0042: Workflow Error Handling and Compensation Strategy

Date: 2025-11-08

Status: Proposed

Context

Long-running business processes are prone to failure. An "Activity" might fail due to a transient network issue, a bug in a downstream service, or a permanent business logic failure. Furthermore, a multi-step process might succeed for several steps before a later step fails, leaving the system in an inconsistent state.

For example, in an onboarding workflow, we might successfully create a user in the iam-service but then fail to provision their subscription in the billing-service. We need a strategy to automatically handle transient errors and a pattern to gracefully roll back the successfully completed steps.

Decision

We will adopt a two-pronged strategy using Temporal's built-in features.
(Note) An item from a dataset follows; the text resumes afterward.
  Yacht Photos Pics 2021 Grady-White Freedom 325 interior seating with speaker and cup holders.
  1. Automatic Retries for Transient Errors: All Activities will be configured with a default, robust retry policy. This policy will handle transient, temporary failures (e.g., network timeouts, deadlocks, temporary service unavailability) by automatically retrying the Activity with an exponential backoff. This makes workflows resilient to common infrastructure-level issues without any custom logic.
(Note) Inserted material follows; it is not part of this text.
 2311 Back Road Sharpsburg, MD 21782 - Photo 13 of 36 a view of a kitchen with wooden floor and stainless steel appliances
  2. Saga Pattern for Business-Level Compensation: For failures that are permanent or require business-level rollback, we will implement the Saga pattern directly within the workflow definition.

    • The workflow will orchestrate a sequence of Activities (e.g., CreateUser, ProvisionSubscription, SendWelcomeEmail).
    • If a critical Activity fails permanently (i.e., it exhausts its retry policy), the workflow's error handling logic will catch the exception.
    • The error handling block will then execute a series of compensating Activities in the reverse order of the original operations (e.g., DeleteSubscription, DisableUser).
    • Temporal's durable execution guarantees that this compensation logic will run to completion, even if the worker process fails.

Consequences

Positive

  • Resilience: Workflows become highly resilient to transient failures automatically.
  • Consistency: The Saga pattern provides a clear and reliable way to maintain data consistency across multiple services in the event of a failure.
  • Durability: The state of the Saga is managed by Temporal, so the compensation logic is just as durable as the forward-execution logic.
  • Testability: The entire Saga, including the failure and compensation paths, can be unit-tested using the Temporal testing framework by mocking activity failures.

Negative

  • Increased Workflow Complexity: The workflow definition becomes more complex as it must include try/catch blocks and calls to compensation activities.
  • Compensation Logic Required: For every action that has a side effect, a corresponding compensating action must be created, tested, and maintained. This requires careful design to ensure compensations are idempotent and reliable.